◆ What you should do
The result should be an exact copy of the entries that follow, with no pictures included.

[Entries taken from a collection]

-- -- --

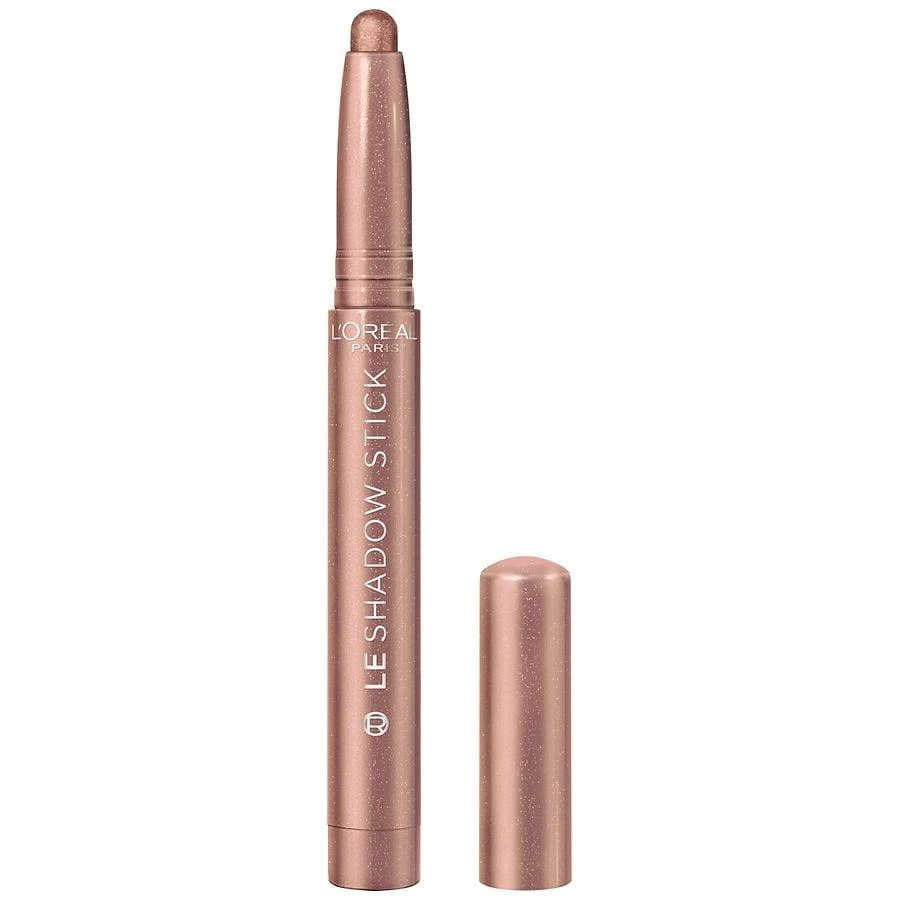 L'Oreal Paris Le Shadow Stick Eyeshadow 1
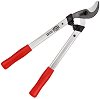    Felco 211-50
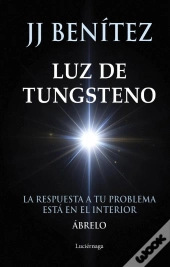 Luz De Tungsteno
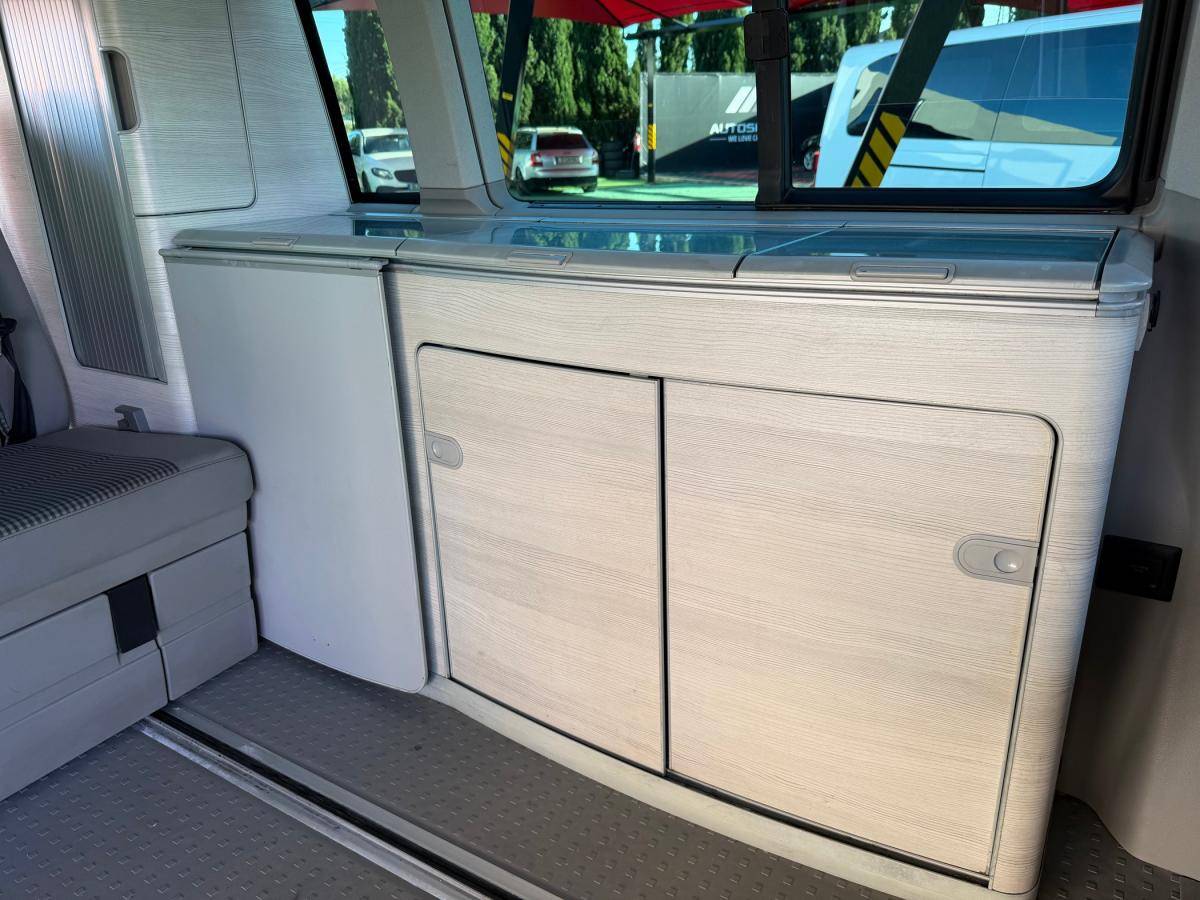 volkswagen-transporter-2019-diesel-1968cc
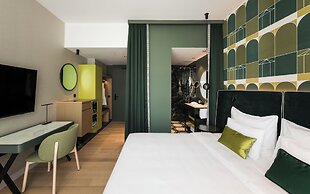 Falkensteiner Hotel Bozen WaltherPark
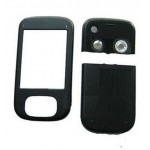 Full Body Housing for Dopod S100 - Black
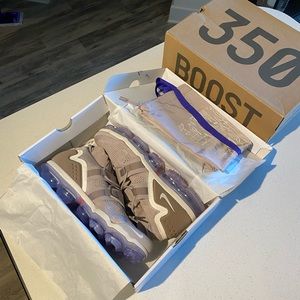 Nike Air Vapormax flyknit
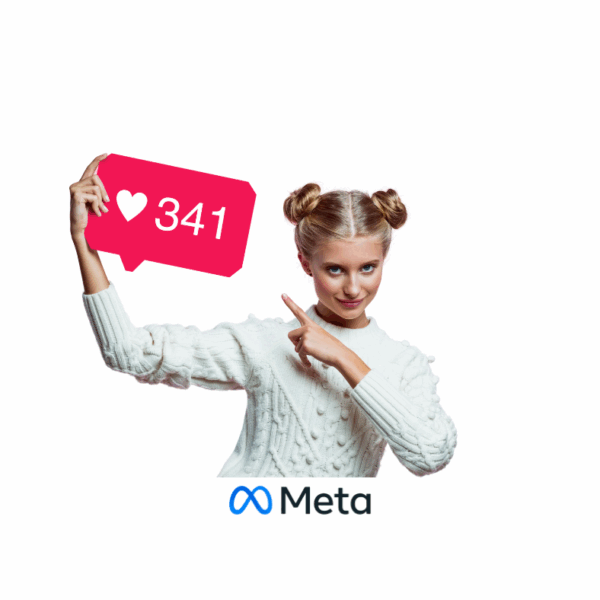 Campañas para Meta ADS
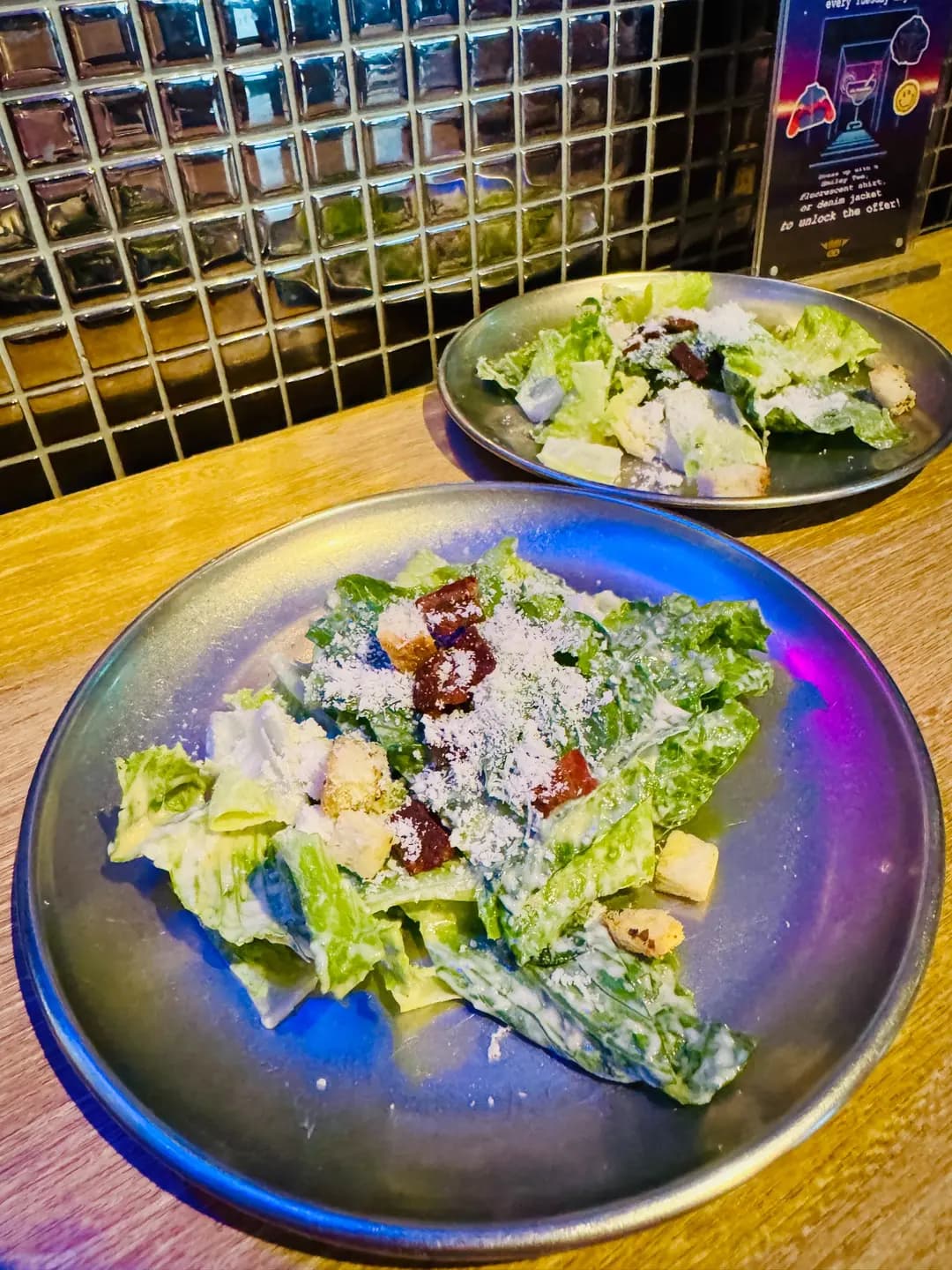 牛王 photo 5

-- -- --

◆ Answer to the problem
 L'Oreal Paris Le Shadow Stick Eyeshadow 1
    Felco 211-50
 Luz De Tungsteno
 volkswagen-transporter-2019-diesel-1968cc
 Falkensteiner Hotel Bozen WaltherPark
 Full Body Housing for Dopod S100 - Black
 Nike Air Vapormax flyknit
 Campañas para Meta ADS
 牛王 photo 5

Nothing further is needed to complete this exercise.